Rethinking software testing in an AI world: why the model is evolving and what to do about it

Summarize:
The old testing model cannot keep up.
For decades, enterprises could tolerate disconnected tools, manual-heavy workflows, and the ongoing drag of maintenance because software moved at a pace people could still manage. Software testing was often treated as a downstream step, necessary but rarely seen as strategic.
That world is gone.
Today, software is delivered continuously across enterprise applications, APIs, data platforms, customer experiences, and AI-enabled services. All these systems and experiences are tied together in ways that make even small changes harder to isolate and predict.
At the same time, tolerance for failure is shrinking. When quality breaks down today, the impact is not just technical; it’s operational, financial, and reputational.
Testing can no longer be treated as a downstream validation step. Software testing is now the mechanism that helps organizations release faster with confidence, contain risk, and keep pace with constant change.
AI is accelerating software delivery, but it is also increasing the amount of change that needs to be validated.

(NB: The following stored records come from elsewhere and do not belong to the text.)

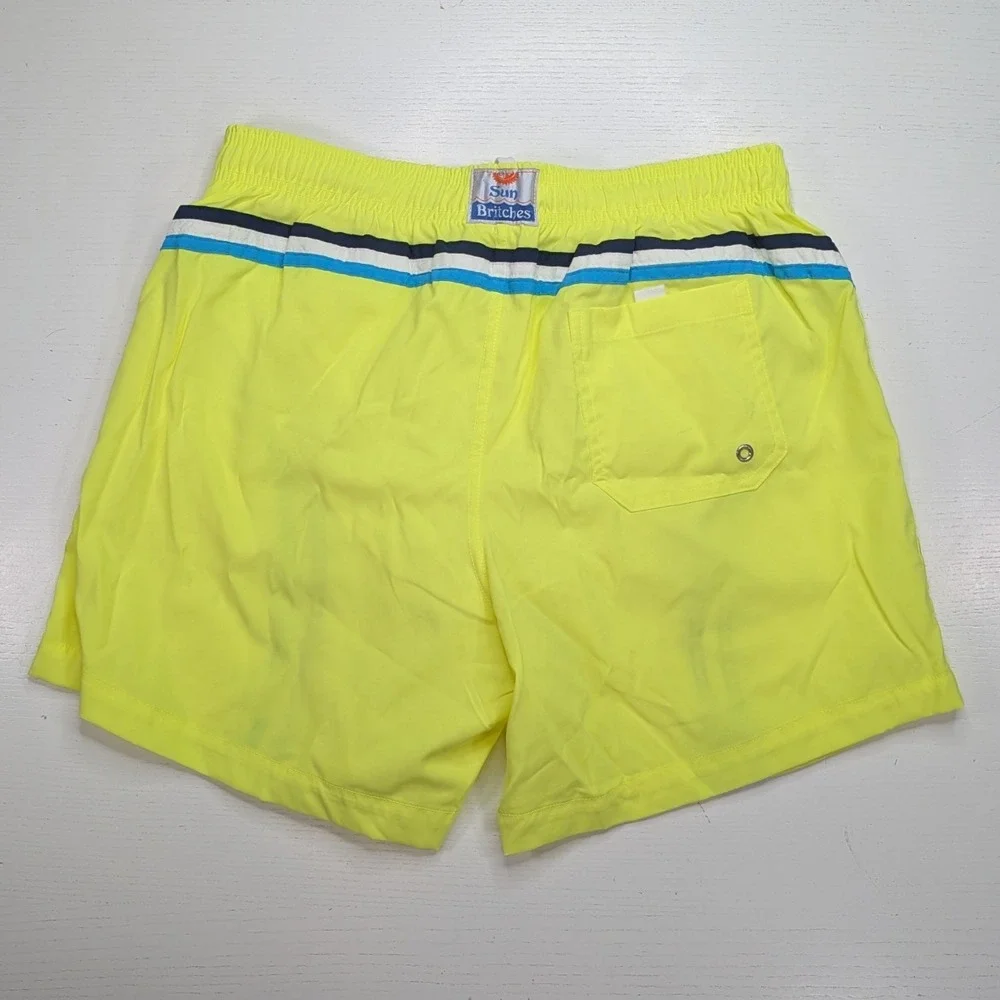 Vintage 80s Sun Britches Swim Trunks Mens M Neon Yellow Stripe NWOT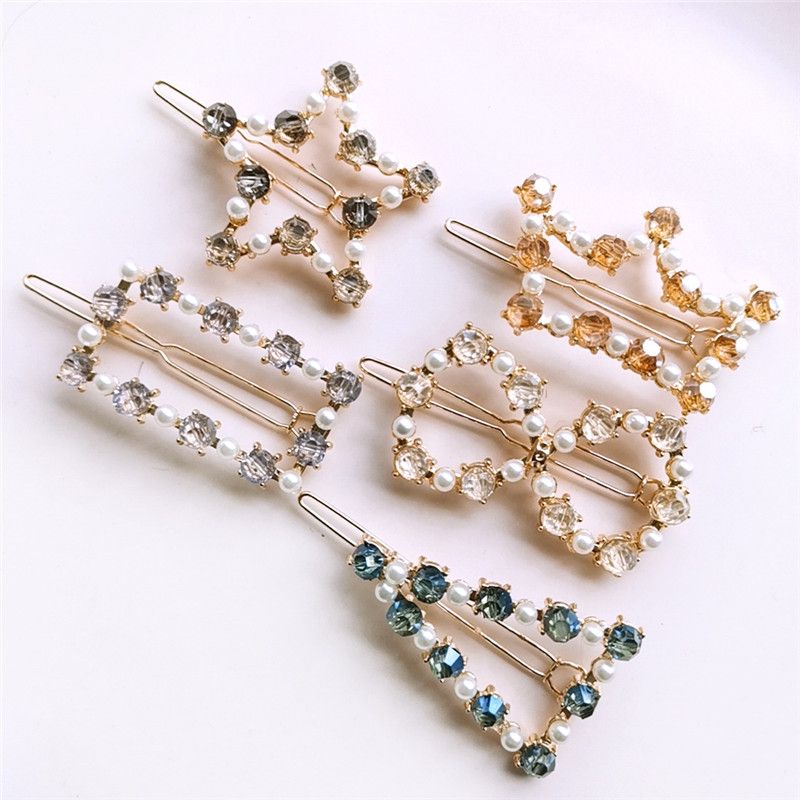 2019 New Girls Water Drilling Hairpins Crown Stars Design Crystal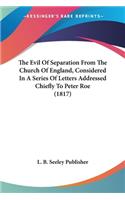 Evil Of Separation From The Church Of England, Considered In A Series Of Letters Addressed Chiefly To Peter Roe (1817)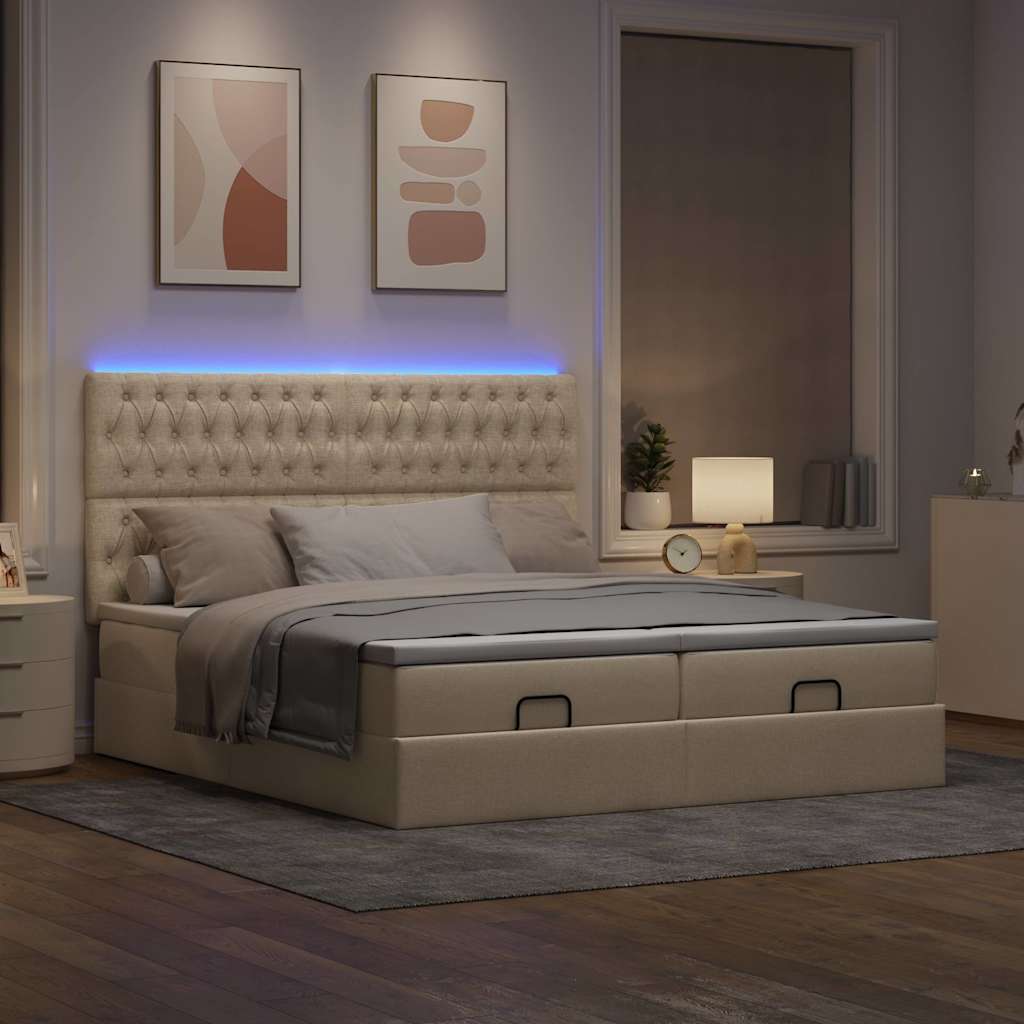 Otomanski okvir kreveta s madracima krem 200x200cm od tkanine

Microsoft research found that developers using GitHub Copilot completed a coding task 55.8% faster. At the same time, IDC reported that 72% of developers revise more than 40% of their AI-generated code. Faster code generation does not reduce the need for software testing but rather places a heavy burden on testing teams to keep pace with this higher volume, higher complexity, and higher release pressure.
That is the shift taking place now. The challenge is no longer simply executing more tests. It is understanding what matters most, where risk is rising, and what is safe to move forward.
Most organizations are still operating on a model designed for an earlier era of software delivery.
Disconnected tools, brittle handoffs, and high-maintenance automation create friction in exactly the places that matter most. Teams struggle to understand the impact of change, prioritize testing effort, identify coverage gaps, and act quickly enough when release cycles compress.
Incremental improvement helps, but only up to a point. Adding another automation layer or optimizing one part of the process does not solve the underlying problem. Modern software delivery requires a model that is more adaptive, more intelligent, and more tightly connected to how release decisions are made.
For enterprise leaders, this discussion is twofold: tooling and operational models.
Traditional software testing metrics such as tests executed or tests automated still matter, but they no longer tell the whole story. As software delivery accelerates, the measures that matter more are outcomes: release confidence, speed to feedback, maintenance effort, risk reduction, and the ability to deliver change without increasing operational drag.
That changes how leaders evaluate both investment and execution. Software testing can longer work as a box to check at the end of delivery. It must now operate continuously across the lifecycle, helping teams understand where change matters, where risk is concentrated, and what is ready to move forward.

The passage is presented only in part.